How to complete this task:
I would like the records restated word for word, without the pictures.

[Recorded data]
+--
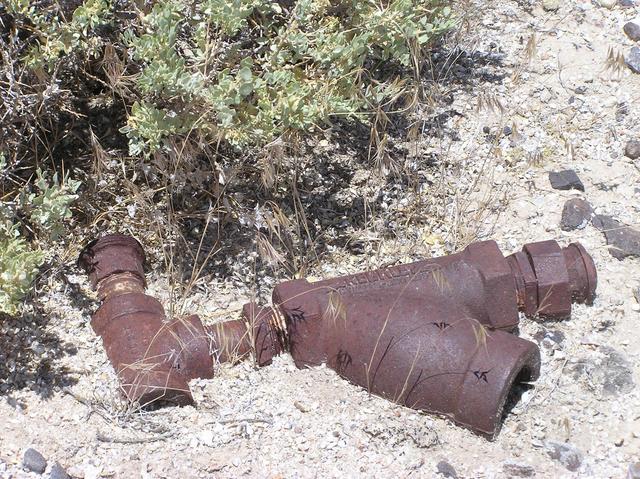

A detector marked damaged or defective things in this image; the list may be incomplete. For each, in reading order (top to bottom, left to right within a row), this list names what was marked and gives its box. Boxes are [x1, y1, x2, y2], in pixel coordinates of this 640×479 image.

rusted pipe fixture [77, 234, 276, 406]
small rusted pipe section [78, 234, 276, 406]
large rusted valve body [79, 234, 596, 436]
rusty metal pipe [79, 234, 596, 436]
small rusted pipe section [242, 238, 596, 436]
rusted pipe fixture [242, 239, 596, 436]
+--
Expected answer:
A detector marked damaged or defective things in this image; the list may be incomplete. For each, in reading order (top to bottom, left to right within a row), this list names what was marked and gives its box. Boxes are [x1, y1, x2, y2], in pixel coordinates of this 640×479 image.

rusted pipe fixture [77, 234, 276, 406]
small rusted pipe section [78, 234, 276, 406]
large rusted valve body [79, 234, 596, 436]
rusty metal pipe [79, 234, 596, 436]
small rusted pipe section [242, 238, 596, 436]
rusted pipe fixture [242, 239, 596, 436]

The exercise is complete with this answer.